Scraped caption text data

####################

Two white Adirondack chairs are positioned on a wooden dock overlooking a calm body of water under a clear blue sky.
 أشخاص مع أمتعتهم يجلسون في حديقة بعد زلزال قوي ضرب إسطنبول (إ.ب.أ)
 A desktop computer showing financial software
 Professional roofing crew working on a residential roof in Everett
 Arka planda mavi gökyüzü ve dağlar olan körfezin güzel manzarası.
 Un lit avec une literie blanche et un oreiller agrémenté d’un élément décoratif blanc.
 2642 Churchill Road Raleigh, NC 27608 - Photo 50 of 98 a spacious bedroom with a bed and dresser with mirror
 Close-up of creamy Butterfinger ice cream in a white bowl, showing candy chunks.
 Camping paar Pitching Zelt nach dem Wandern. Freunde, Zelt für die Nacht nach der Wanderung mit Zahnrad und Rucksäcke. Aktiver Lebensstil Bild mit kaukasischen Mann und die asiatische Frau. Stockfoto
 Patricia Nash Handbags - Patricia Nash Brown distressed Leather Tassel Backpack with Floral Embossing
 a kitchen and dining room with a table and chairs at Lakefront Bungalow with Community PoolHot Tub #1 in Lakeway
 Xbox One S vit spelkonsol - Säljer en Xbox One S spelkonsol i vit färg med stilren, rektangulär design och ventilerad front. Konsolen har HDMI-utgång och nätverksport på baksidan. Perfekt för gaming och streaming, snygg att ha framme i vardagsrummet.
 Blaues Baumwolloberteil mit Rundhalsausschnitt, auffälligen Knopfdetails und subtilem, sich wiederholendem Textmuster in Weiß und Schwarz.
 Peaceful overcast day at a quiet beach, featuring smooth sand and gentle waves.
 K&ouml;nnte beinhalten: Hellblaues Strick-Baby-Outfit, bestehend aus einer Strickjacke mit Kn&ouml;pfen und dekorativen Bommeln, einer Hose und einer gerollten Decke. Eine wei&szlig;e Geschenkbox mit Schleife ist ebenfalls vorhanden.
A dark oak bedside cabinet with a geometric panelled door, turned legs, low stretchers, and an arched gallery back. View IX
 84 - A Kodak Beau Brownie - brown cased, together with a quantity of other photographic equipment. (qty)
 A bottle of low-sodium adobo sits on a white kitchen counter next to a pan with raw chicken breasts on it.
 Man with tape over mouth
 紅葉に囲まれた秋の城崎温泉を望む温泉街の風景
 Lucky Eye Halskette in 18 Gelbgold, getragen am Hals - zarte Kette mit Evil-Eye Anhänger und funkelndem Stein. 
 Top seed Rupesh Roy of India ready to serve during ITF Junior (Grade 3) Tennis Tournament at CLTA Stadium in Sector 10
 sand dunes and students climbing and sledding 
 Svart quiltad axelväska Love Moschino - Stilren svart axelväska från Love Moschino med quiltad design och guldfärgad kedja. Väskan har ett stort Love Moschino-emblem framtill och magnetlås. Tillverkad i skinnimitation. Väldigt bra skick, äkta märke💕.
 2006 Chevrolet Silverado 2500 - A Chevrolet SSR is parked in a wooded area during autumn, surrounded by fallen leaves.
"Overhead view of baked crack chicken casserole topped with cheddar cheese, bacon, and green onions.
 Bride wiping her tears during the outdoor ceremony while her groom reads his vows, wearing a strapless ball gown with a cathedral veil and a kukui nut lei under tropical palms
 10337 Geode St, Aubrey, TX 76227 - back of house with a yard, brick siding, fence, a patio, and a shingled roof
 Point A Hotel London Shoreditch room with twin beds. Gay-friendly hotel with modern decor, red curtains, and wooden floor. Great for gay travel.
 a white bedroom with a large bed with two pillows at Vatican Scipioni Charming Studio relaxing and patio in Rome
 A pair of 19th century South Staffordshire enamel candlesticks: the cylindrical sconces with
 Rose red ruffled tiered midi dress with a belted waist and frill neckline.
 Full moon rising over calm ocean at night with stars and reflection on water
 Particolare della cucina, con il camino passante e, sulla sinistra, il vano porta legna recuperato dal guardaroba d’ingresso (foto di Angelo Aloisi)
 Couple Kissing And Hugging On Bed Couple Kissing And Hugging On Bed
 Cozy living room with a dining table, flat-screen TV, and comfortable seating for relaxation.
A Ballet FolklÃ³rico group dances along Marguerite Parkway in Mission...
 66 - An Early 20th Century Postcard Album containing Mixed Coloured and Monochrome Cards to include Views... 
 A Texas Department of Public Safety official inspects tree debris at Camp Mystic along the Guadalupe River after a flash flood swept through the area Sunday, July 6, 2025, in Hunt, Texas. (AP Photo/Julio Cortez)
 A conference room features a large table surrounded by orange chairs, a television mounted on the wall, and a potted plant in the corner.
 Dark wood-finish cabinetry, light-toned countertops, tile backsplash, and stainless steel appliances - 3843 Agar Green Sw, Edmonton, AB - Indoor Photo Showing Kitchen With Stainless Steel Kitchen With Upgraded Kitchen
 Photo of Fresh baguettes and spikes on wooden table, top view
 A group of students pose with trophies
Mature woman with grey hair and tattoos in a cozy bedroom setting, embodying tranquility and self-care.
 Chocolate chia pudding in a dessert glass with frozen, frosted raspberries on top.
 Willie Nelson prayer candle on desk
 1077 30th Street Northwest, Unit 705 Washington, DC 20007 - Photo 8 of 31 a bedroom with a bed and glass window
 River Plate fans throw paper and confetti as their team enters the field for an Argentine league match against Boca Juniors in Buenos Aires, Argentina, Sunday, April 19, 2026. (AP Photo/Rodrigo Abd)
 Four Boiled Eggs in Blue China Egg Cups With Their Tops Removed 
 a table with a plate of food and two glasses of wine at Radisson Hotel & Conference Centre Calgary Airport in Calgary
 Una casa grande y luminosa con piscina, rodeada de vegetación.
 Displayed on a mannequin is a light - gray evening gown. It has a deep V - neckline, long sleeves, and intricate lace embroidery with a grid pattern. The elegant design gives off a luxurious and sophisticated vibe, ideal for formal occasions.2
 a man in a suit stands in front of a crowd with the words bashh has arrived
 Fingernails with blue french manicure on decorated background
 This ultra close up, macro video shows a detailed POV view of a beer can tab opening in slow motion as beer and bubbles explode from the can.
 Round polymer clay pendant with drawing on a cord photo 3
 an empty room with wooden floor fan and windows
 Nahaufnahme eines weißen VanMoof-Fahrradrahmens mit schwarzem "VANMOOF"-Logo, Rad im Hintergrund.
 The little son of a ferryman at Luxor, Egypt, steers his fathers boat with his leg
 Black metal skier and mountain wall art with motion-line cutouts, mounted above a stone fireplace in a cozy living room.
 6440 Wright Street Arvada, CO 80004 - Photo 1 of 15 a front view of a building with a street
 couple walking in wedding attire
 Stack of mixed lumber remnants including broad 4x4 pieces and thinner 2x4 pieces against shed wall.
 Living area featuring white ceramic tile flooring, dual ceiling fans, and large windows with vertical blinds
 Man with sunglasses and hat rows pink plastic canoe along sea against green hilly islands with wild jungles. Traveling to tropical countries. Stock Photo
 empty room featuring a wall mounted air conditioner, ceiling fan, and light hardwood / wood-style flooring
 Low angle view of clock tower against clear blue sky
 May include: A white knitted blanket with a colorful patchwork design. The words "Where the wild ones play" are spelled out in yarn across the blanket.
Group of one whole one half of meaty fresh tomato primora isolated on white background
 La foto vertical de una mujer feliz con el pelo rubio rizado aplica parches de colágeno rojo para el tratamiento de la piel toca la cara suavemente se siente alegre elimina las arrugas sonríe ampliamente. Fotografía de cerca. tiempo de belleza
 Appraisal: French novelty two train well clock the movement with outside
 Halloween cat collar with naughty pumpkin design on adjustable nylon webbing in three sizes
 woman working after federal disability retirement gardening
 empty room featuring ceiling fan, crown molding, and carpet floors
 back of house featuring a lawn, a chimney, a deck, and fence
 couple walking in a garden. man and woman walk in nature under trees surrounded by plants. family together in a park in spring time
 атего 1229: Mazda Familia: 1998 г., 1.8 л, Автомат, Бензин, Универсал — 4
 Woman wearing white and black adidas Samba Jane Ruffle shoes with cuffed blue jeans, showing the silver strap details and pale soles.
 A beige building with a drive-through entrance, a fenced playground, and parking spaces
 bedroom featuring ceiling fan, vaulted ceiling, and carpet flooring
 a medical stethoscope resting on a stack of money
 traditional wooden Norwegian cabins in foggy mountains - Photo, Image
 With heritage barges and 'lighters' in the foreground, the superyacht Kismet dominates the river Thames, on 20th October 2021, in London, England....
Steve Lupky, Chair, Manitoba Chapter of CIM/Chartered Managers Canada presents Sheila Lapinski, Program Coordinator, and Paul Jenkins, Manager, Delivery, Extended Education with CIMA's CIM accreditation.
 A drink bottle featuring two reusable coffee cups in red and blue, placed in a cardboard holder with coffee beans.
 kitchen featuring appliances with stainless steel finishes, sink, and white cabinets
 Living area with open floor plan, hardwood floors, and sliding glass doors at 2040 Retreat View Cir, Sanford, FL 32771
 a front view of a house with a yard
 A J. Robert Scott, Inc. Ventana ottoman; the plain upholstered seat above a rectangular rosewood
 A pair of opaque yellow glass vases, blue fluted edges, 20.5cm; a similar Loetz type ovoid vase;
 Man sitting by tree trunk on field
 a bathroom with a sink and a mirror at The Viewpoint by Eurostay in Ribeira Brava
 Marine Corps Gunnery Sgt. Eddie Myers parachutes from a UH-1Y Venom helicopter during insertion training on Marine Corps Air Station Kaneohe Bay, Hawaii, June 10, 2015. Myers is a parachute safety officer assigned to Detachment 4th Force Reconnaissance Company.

####################

[EXERCISE]:
Among the entries above, find every line holding "building" and copy it.

[ANSWER FOR THIS EXERCISE]:
 6440 Wright Street Arvada, CO 80004 - Photo 1 of 15 a front view of a building with a street
 A beige building with a drive-through entrance, a fenced playground, and parking spaces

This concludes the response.